Daran wird sich auch künftig nichts ändern. Regierungen wie die italienische oder die griechische haben keinerlei Interesse daran, sich um Flüchtlingsschutz und korrekte Verfahren zu bemühen, solange es keine solidarische Verantwortungsteilung unter allen europäischen Staaten gibt. Das ist der grundlegende Konstruktionsfehler des europäischen Asylsystems, der mit dem EU-Pakt nicht behoben, sondern zementiert wird. Leidtragende sind die Schutzsuchenden, die mit den geplanten Asylgrenzverfahren weiter entrechtet werden.

Bedenkliche Unterstützung

Zuspruch erhalten die Schnellverfahren aber nicht nur innerhalb der EU, sondern auch aus der Schweiz. Sie ist als assoziiertes Schengen/Dublin-Mitglied vom EU-Pakt und der Weiterentwicklung des GEAS direkt betroffen und sitzt mit beratender Stimme mit am Verhandlungstisch der zuständigen europäischen Innenminister*innen.

So machten sich jüngst etwa Justizministerin Elisabeth Baume-Schneider wie die Staatssekretärin für Migration Christine Schraner-Burgener in Medienauftritten für die geplanten EU-Massnahmen stark. Das ist angesichts der Faktenlage aus menschen- und flüchtlingsrechtlicher Sicht bedenklich und befremdend zugleich.
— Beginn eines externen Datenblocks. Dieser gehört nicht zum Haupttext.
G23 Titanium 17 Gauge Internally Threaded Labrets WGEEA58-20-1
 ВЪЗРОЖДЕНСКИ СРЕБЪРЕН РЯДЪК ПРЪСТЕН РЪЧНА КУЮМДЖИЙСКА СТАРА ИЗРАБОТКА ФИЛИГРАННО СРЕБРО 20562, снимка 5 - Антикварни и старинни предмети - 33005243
Zumal der Bundesrat gleichzeitig gegenüber der innenpolitischen Forderung nach Asylverfahren in Transitzonen an der Schweizer Grenze klare Kante zeigt. Denn diese lehnt er zurecht kategorisch ab mit der Begründung, dass zum einen die Eingrenzung oder Internierung von Geflüchteten ohne konkrete Haftgründe und nur aufgrund ihrer Fluchtumstände einen unverhältnismässigen Eingriff in die persönliche Freiheit darstelle und weder mit der Bundesverfassung noch mit den völkerrechtlichen Vorgaben vereinbar sei. Und zum andern verletze es die Genfer Flüchtlingskonvention, wenn Asylsuchenden der Zugang zum Asylverfahren unabhängig ihrer individuellen Asylgründe verwehrt werde.

Kurskorrektur nötig

Dieselbe Richtschnur politischen Handelns muss aber auch an den weit entfernten EU-Aussengrenzen gelten. Die SFH fordert deshalb Bundesrat und Staatssekretariat für Migration zu einer Kurskorrektur auf. Die Schweiz sollte sichere Fluchtwege für Geflüchtete stärken und fördern, anstatt eine Entwicklung zu unterstützen, die das Flüchtlingsrecht untergräbt und zur weiteren Abschottung Europas gegenüber schutzsuchenden Menschen führt. Als Teil des europäischen Asylsystems sollte sie sich vielmehr im Rahmen ihrer Möglichkeiten verstärkt für die Wahrung von Menschenwürde, Rechtsstaatlichkeit und Menschenrechten einsetzen.